What the task requires →
Take the lines from the one with "A close up headshot" through the end of the material below and repeat them exactly, dropping every picture.

Available data →

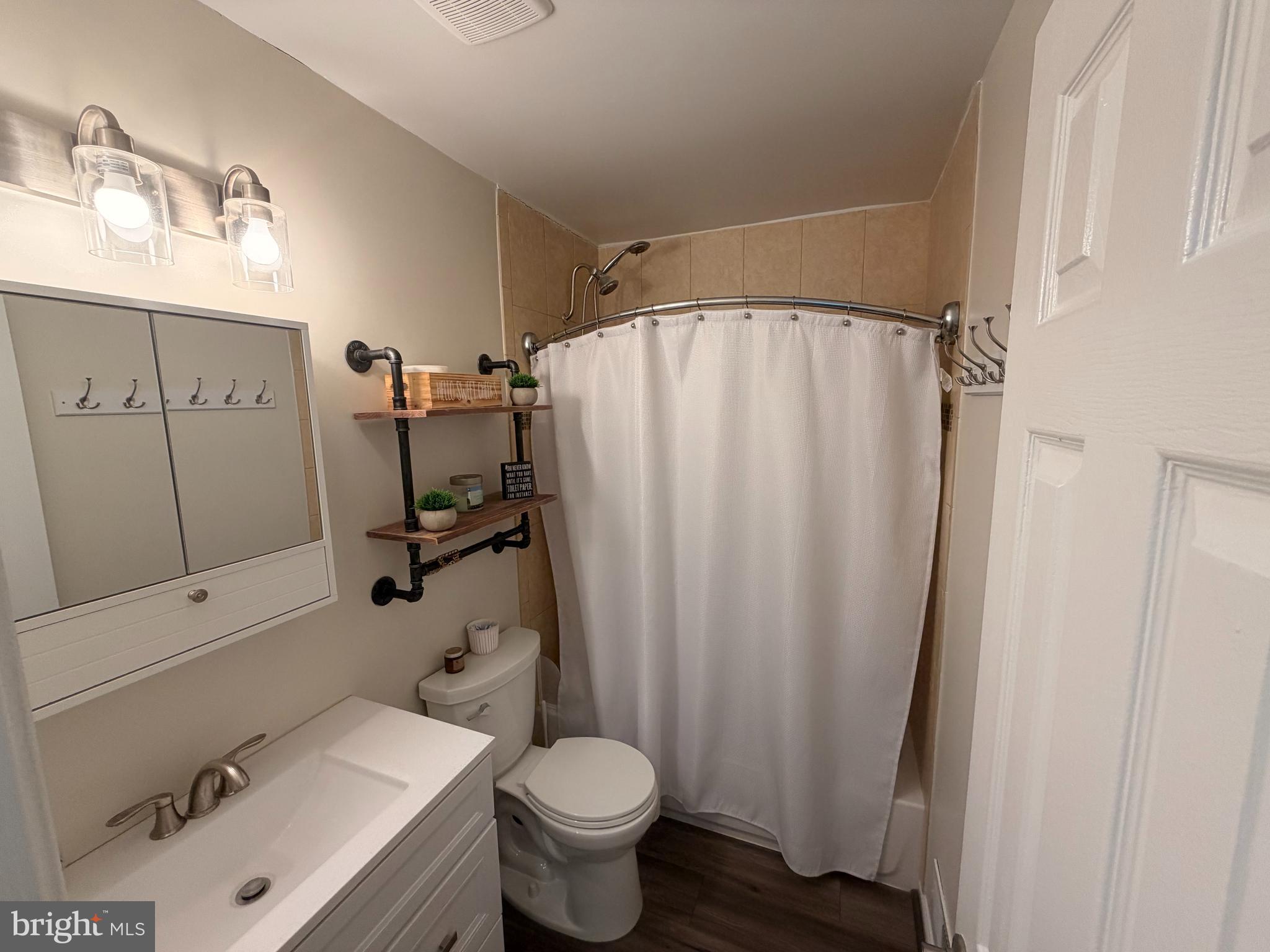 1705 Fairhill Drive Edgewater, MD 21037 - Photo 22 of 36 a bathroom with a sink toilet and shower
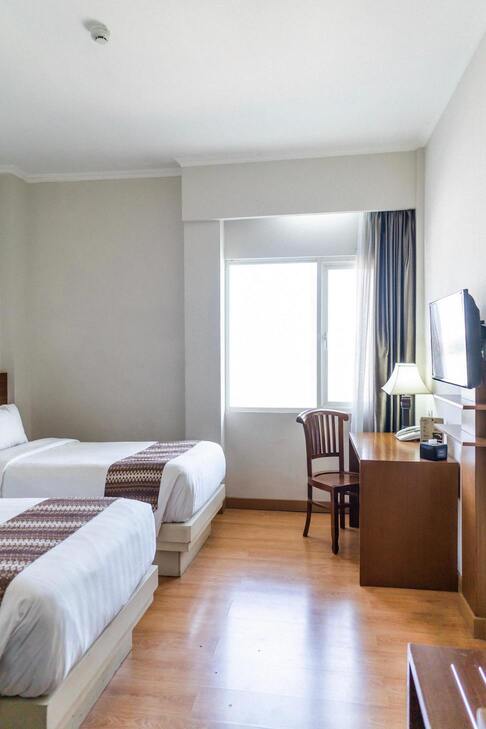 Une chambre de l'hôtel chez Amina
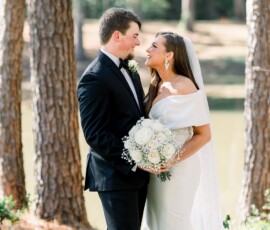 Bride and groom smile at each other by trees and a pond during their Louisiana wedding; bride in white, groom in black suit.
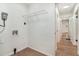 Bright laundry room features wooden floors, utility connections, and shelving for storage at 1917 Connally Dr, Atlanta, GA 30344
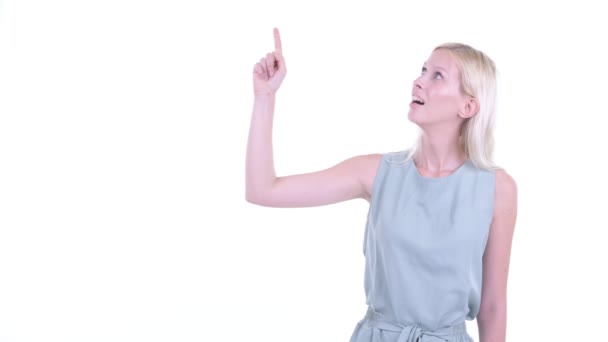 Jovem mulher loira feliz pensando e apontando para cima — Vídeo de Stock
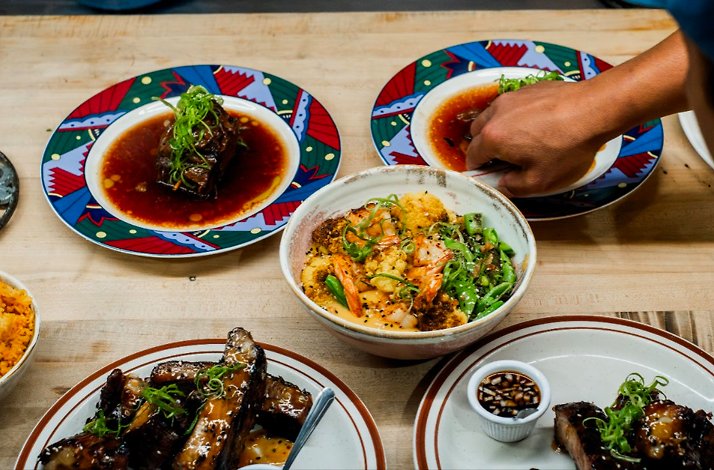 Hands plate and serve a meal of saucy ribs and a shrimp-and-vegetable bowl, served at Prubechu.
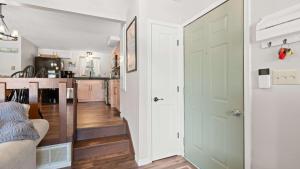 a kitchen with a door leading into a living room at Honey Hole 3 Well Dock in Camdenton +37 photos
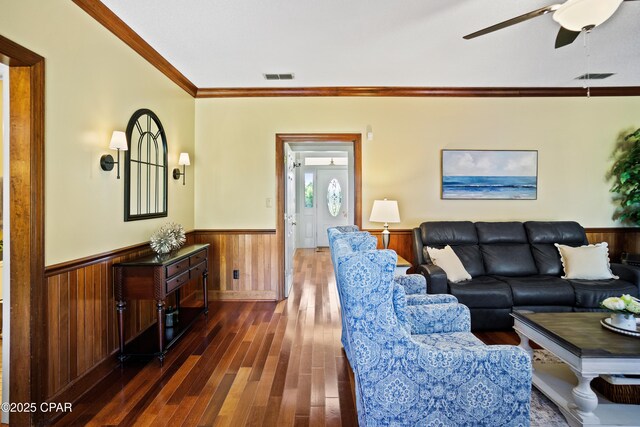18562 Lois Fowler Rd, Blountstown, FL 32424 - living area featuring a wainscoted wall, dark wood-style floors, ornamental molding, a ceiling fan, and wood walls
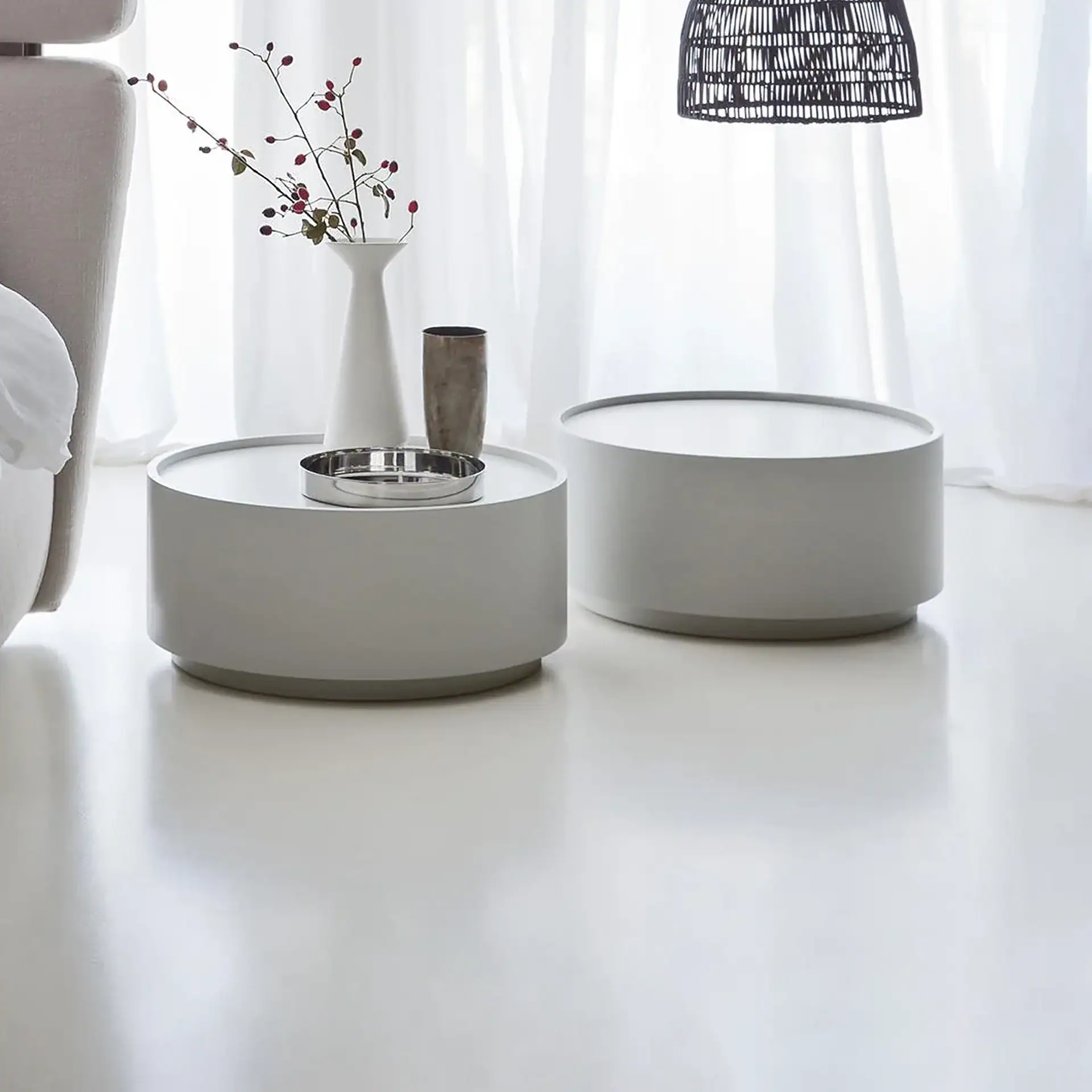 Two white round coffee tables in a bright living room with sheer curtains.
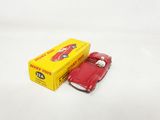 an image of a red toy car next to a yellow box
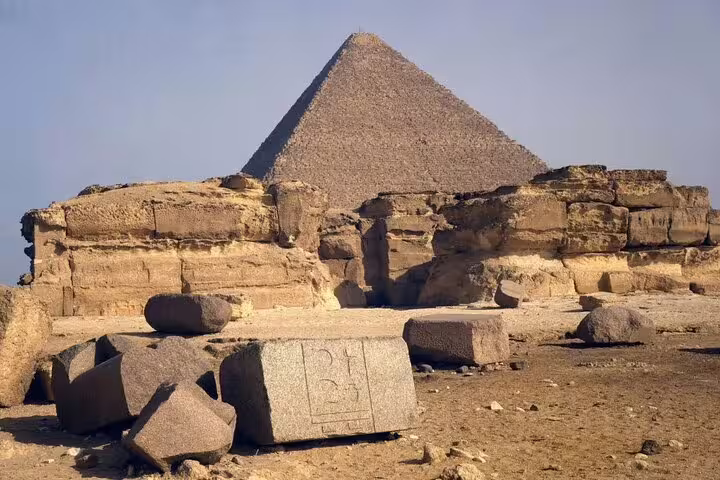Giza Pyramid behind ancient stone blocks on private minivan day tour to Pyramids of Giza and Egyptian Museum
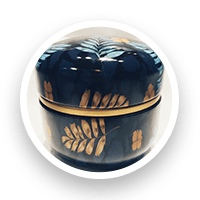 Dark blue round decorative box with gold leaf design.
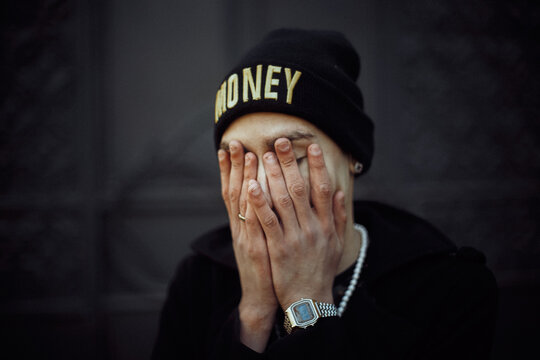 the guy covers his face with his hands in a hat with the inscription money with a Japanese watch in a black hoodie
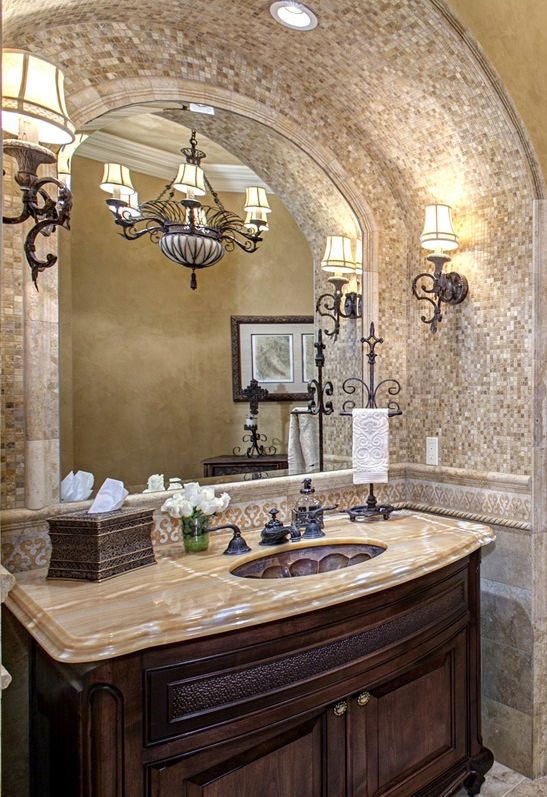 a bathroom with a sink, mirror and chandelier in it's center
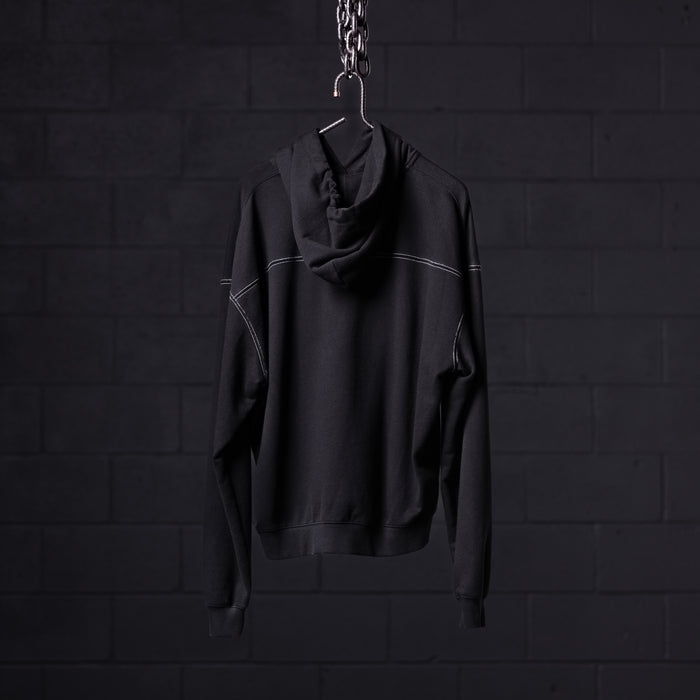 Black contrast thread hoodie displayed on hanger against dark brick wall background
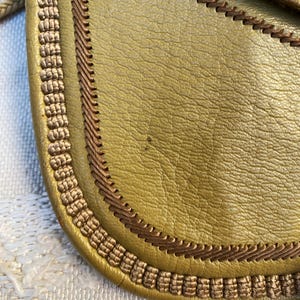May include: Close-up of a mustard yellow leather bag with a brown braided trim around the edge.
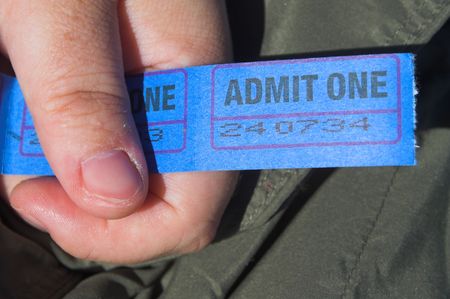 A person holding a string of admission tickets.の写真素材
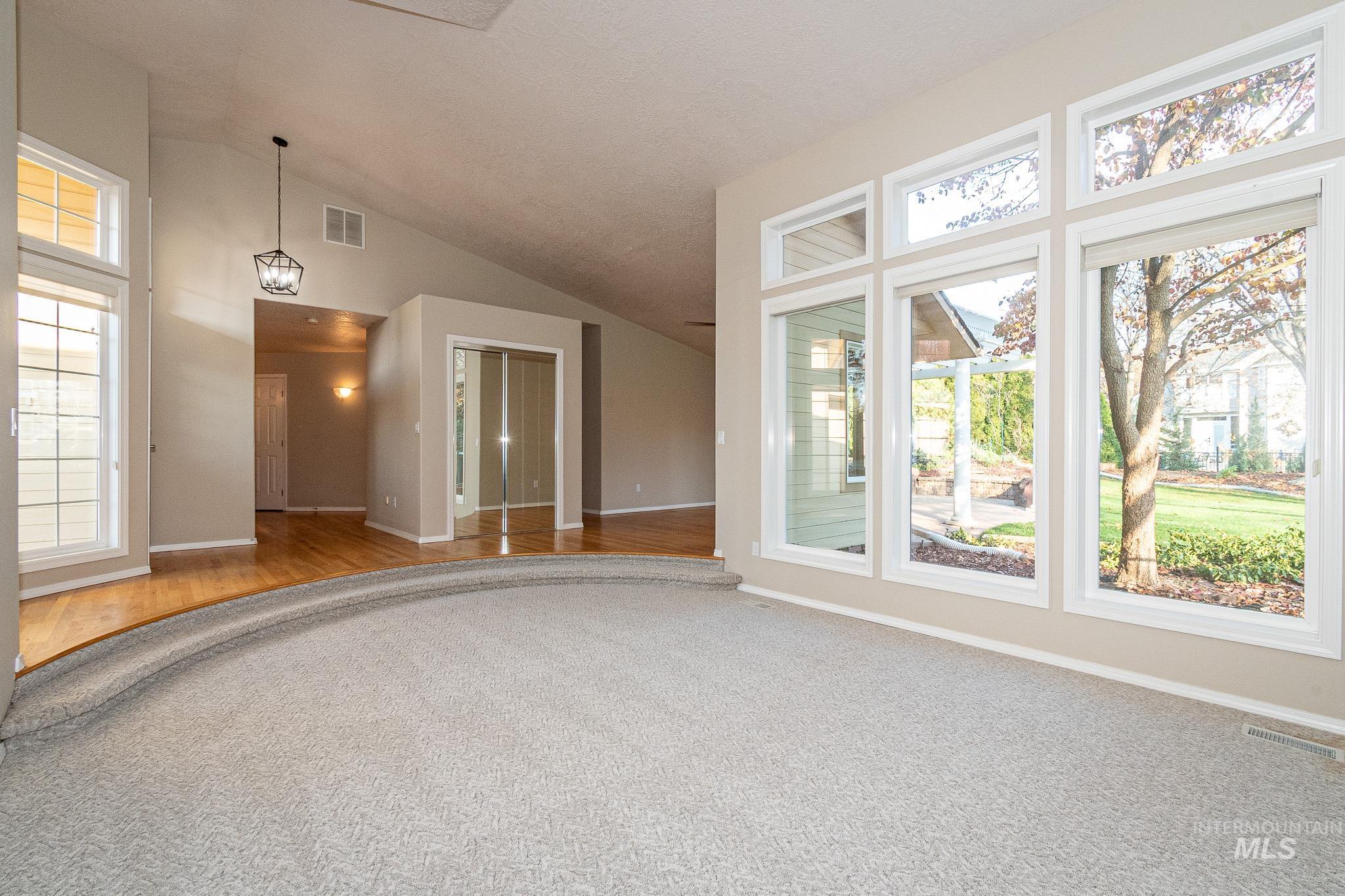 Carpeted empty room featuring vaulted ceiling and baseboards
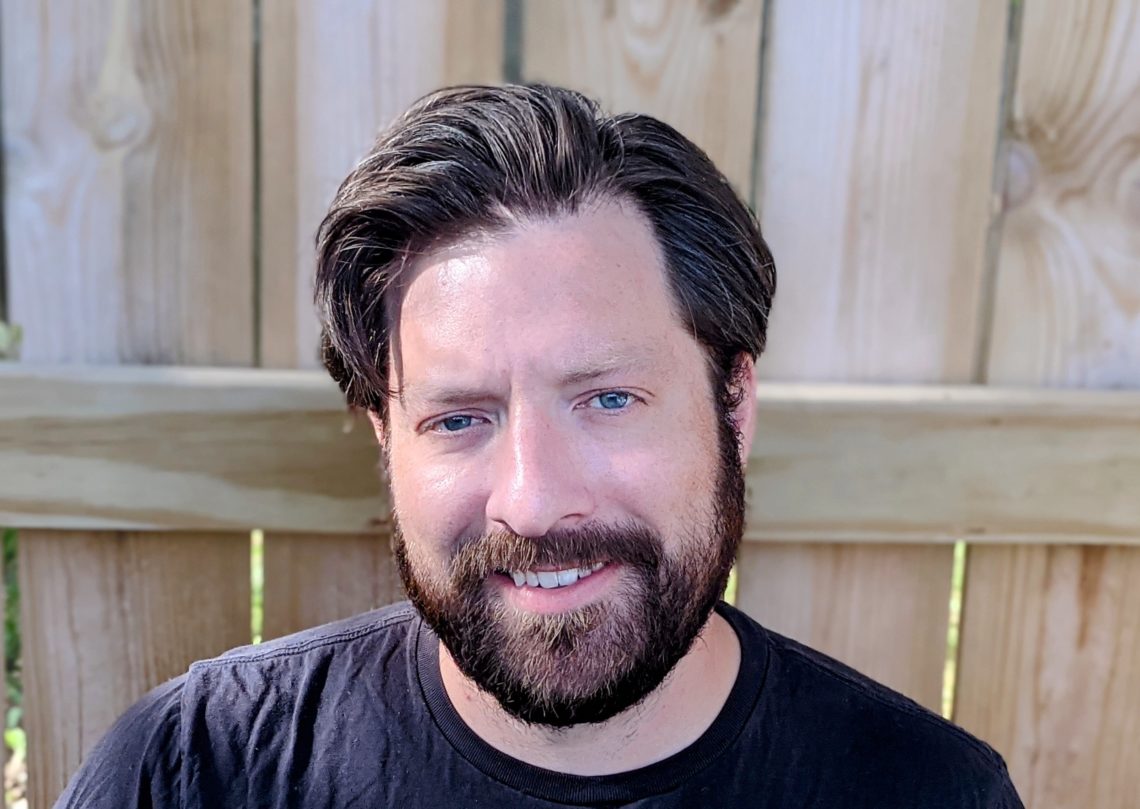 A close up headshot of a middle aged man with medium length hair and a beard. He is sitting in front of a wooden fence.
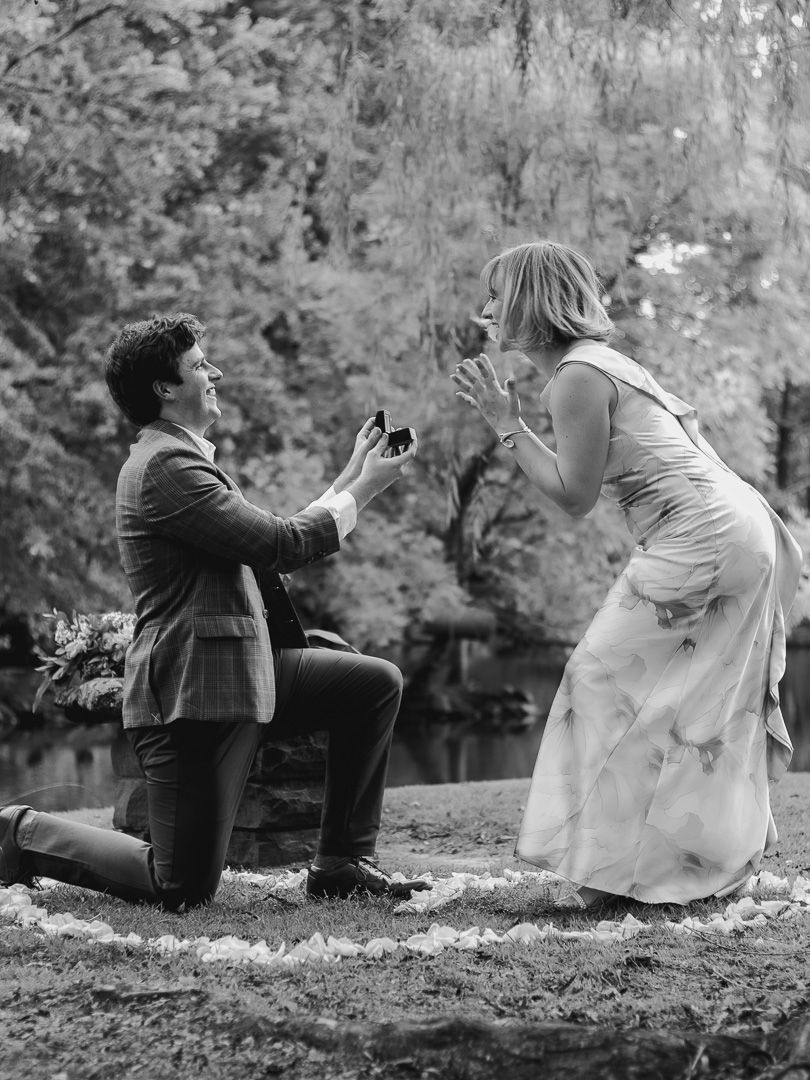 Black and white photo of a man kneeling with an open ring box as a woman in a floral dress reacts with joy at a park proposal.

Result of the exercise →
 A close up headshot of a middle aged man with medium length hair and a beard. He is sitting in front of a wooden fence.
 Black and white photo of a man kneeling with an open ring box as a woman in a floral dress reacts with joy at a park proposal.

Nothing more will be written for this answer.